Financial Services Minister Kelly O'Dwyer has announced Harvard lawyer James Shipton as the new head of the corporate regulator.
Labor has thrown its support behind the federal government's choice for the head of the nation's corporate watchdog.
The government on Tuesday announced James Shipton, a lawyer with expertise in financial market regulation, would head up the Australian Securities and Investments Commission replacing Greg Medcraft who steps down in November.
Mr Shipton is an executive director of international financial systems at Harvard Law School and was previously a director at the Hong Kong Securities and Futures Commission.
He also has extensive experience in various roles in investment banking in Asia and Europe.
"We have appointed here the most qualified and the most experienced candidate for the job ahead," Financial Services Minister Kelly O'Dwyer told reporters in Canberra.
Shadow treasurer Chris Bowen said Mr Shipton offered a good mix of corporate and regulatory experience, describing it as an appropriate and good appointment.
Mr Bowen had previously slammed another contender, Credit Suisse Australia chairman John O'Sullivan, as a long-time Liberal Party donor with close ties to Prime Minister Malcolm Turnbull.
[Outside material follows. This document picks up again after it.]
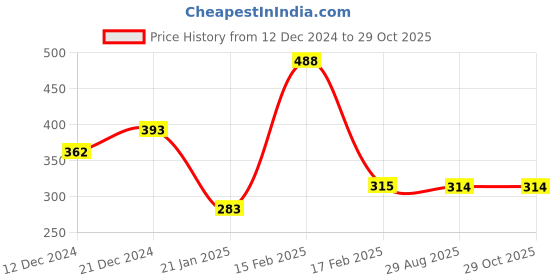 myntra.com SOHI Women Silver-Plated Link Bracelet sohi Price History Graph from 12 Dec 2024 to 28 Oct 2025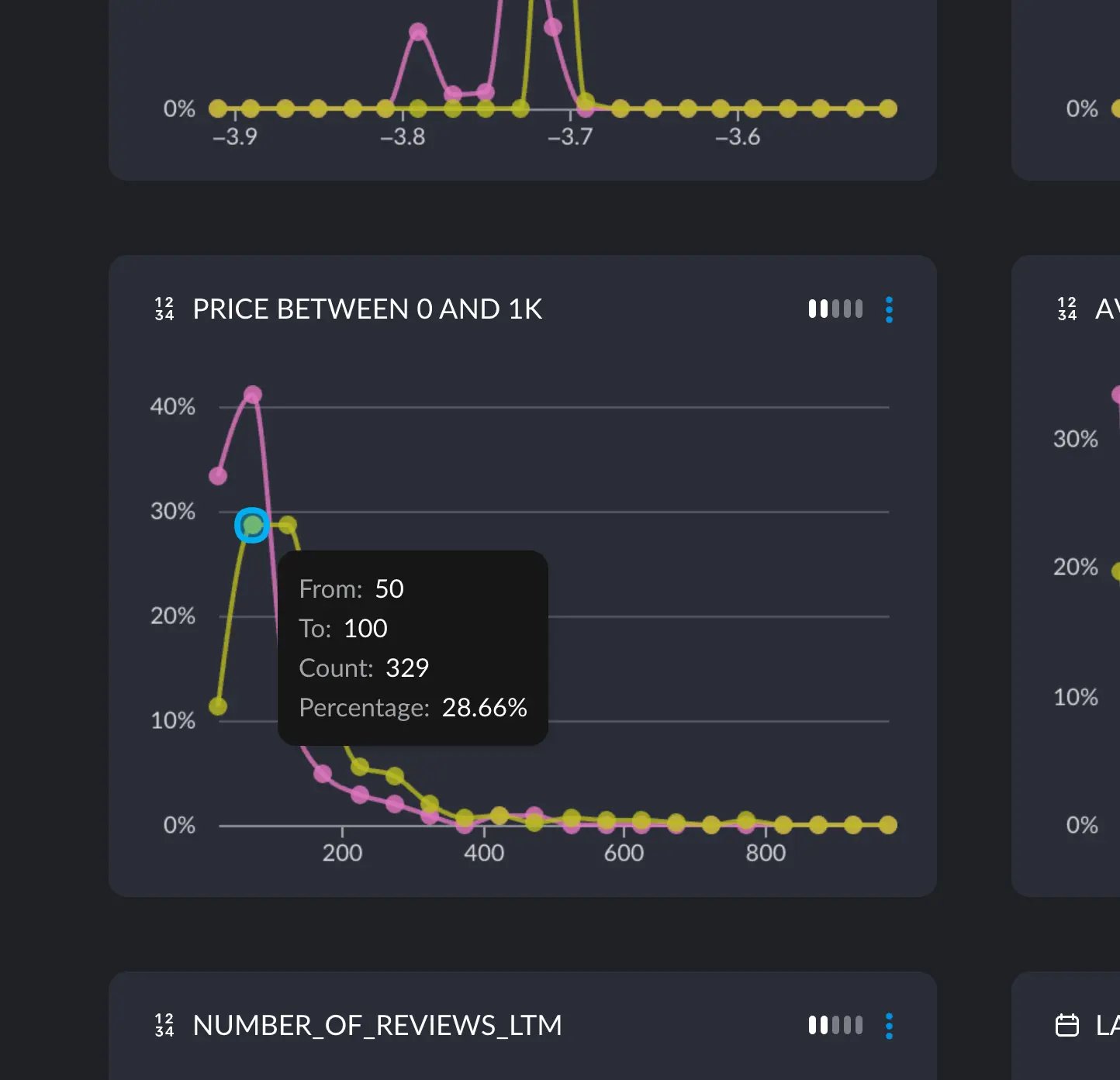 compare-hover-2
"The government's alternative plan would have been inappropriate, would have been unsustainable," Mr Bowen told reporters.
Mr Shipton sees the role of financial regulators as leading market participants and intends to lead by example.
"Culture is one of the greatest challenges for all financial markets globally," Mr Shipton said.
"I have been a great advocate of culture reform in the financial institutions and in the financial markets for a long time."